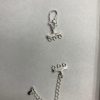 BROCHE BARRA 3 VUELTAS CON CADENA Y ARCO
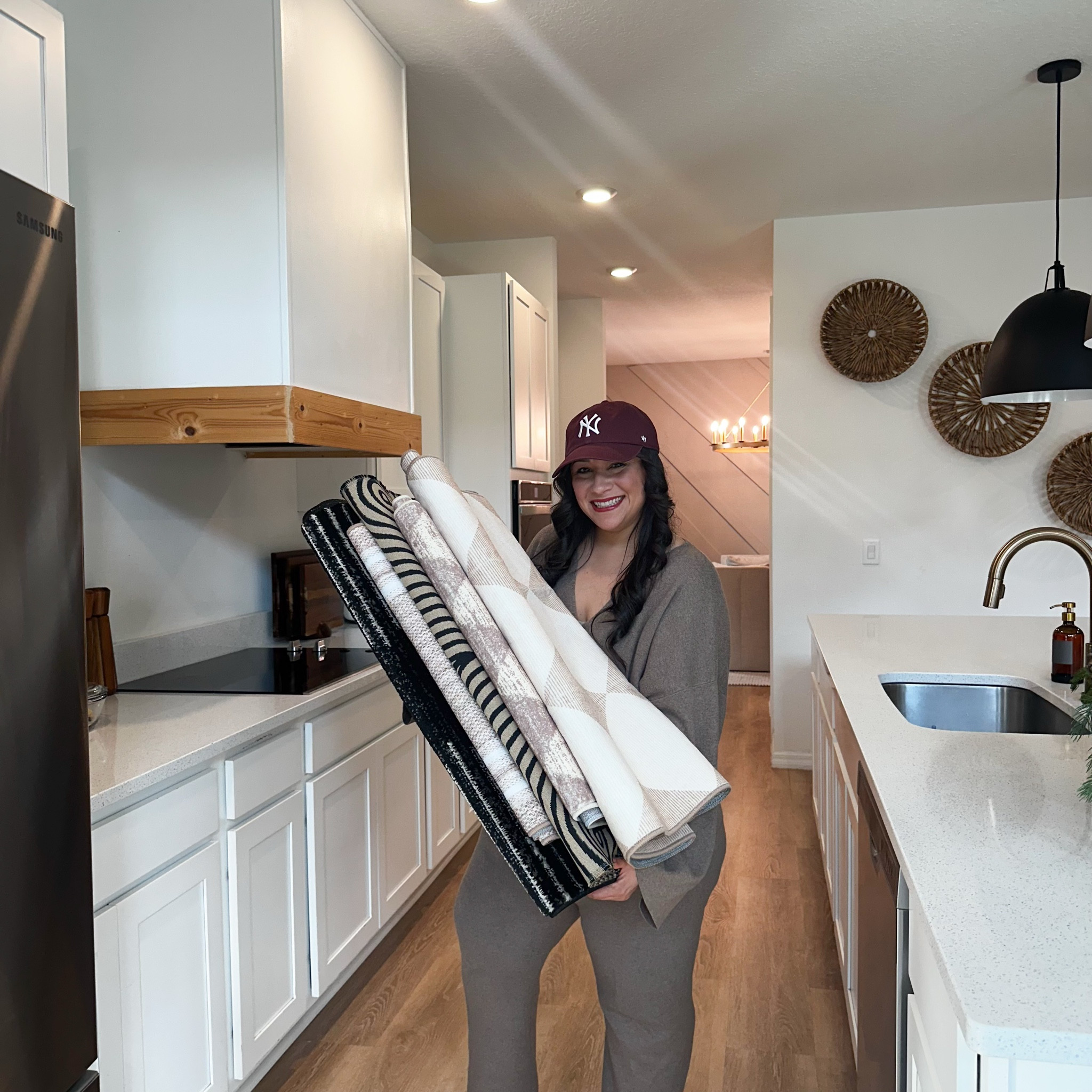 #ad I found the prettiest washable runners on @amazon for under $50 💃🏻🙌🏼♥️ #founditonamazon

Home
Home decor
Amazon home finds
Washable rugs
Washable runners 

#LTKSaleAlert #LTKHome #LTKWatchNow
━━━━
- [Exercise instructions]
Every record above should be set down exactly, with the pictures left out.

- [Your response]
 BROCHE BARRA 3 VUELTAS CON CADENA Y ARCO
 #ad I found the prettiest washable runners on @amazon for under $50 💃🏻🙌🏼♥️ #founditonamazon

Home
Home decor
Amazon home finds
Washable rugs
Washable runners 

#LTKSaleAlert #LTKHome #LTKWatchNow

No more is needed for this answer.